### Data excerpt
────────────────────────────────────────

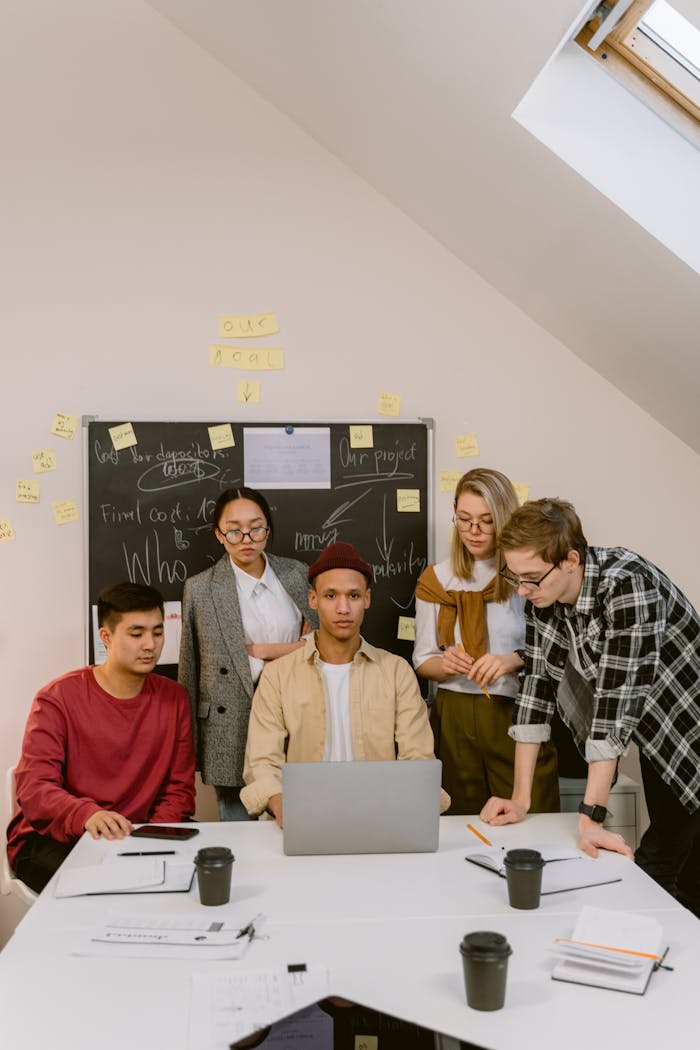 A diverse team brainstorming ideas in a modern office with laptops and sticky notes.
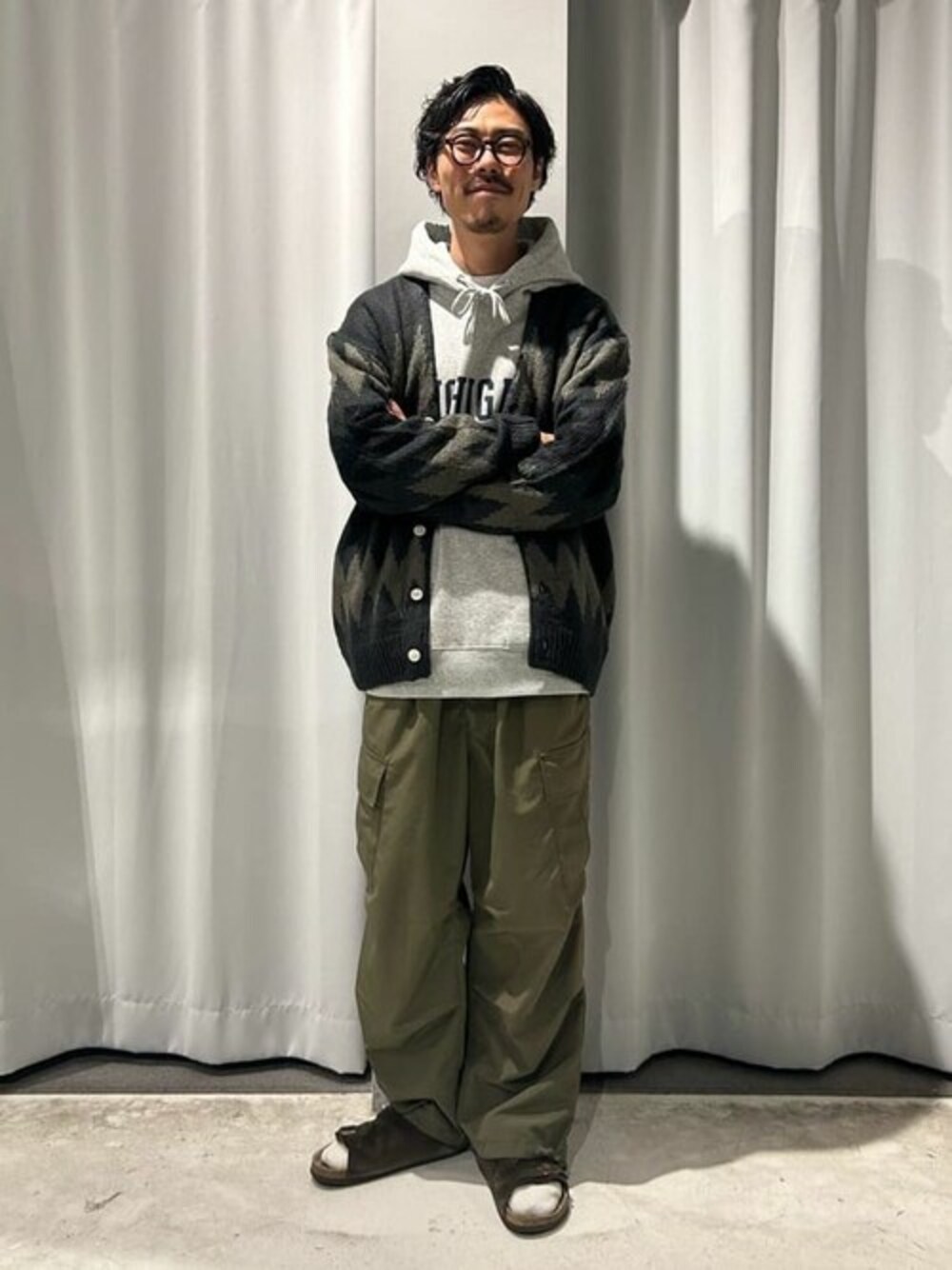ブラック系のカーディガン/ボレロ、グレー系のTシャツ/カットソー、グリーン系のカーゴパンツを着用したレディースの冬コーディネートの1枚目の写真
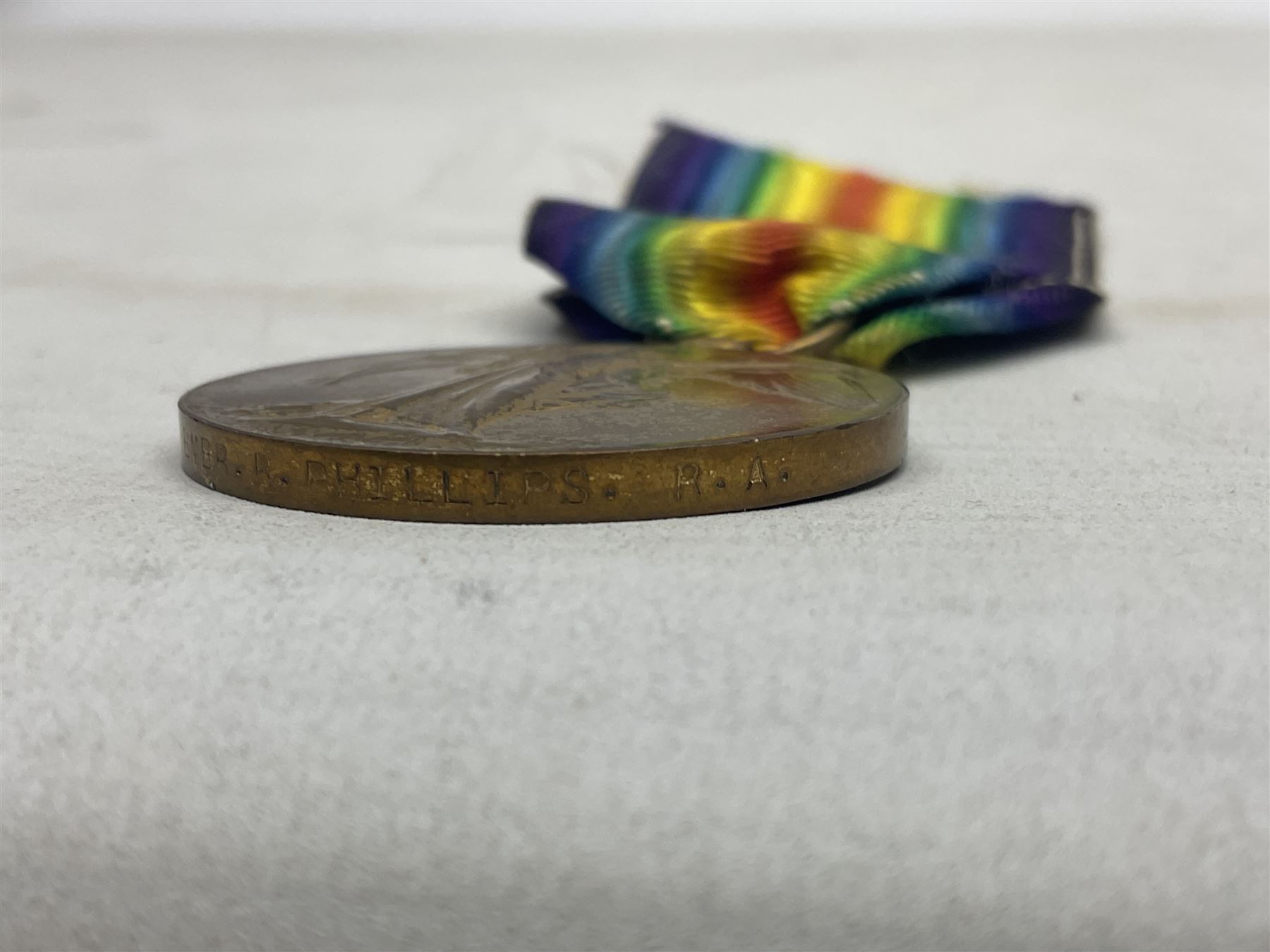 WW1 pair of medals comprising British War Medal and 1914-15 Star awarded to 1440 Pte. J. Wood Lan. Fus.; and WW1 Victory Medal awarded to 12128 Bmbr. R. Phillips R.A.; all with ribbons (3)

────────────────────────────────────────

### Goal of the exercise
If the material above contains pictures, exclude them from an otherwise exact transcription.

### Answer for the task
 A diverse team brainstorming ideas in a modern office with laptops and sticky notes.
ブラック系のカーディガン/ボレロ、グレー系のTシャツ/カットソー、グリーン系のカーゴパンツを着用したレディースの冬コーディネートの1枚目の写真
 WW1 pair of medals comprising British War Medal and 1914-15 Star awarded to 1440 Pte. J. Wood Lan. Fus.; and WW1 Victory Medal awarded to 12128 Bmbr. R. Phillips R.A.; all with ribbons (3)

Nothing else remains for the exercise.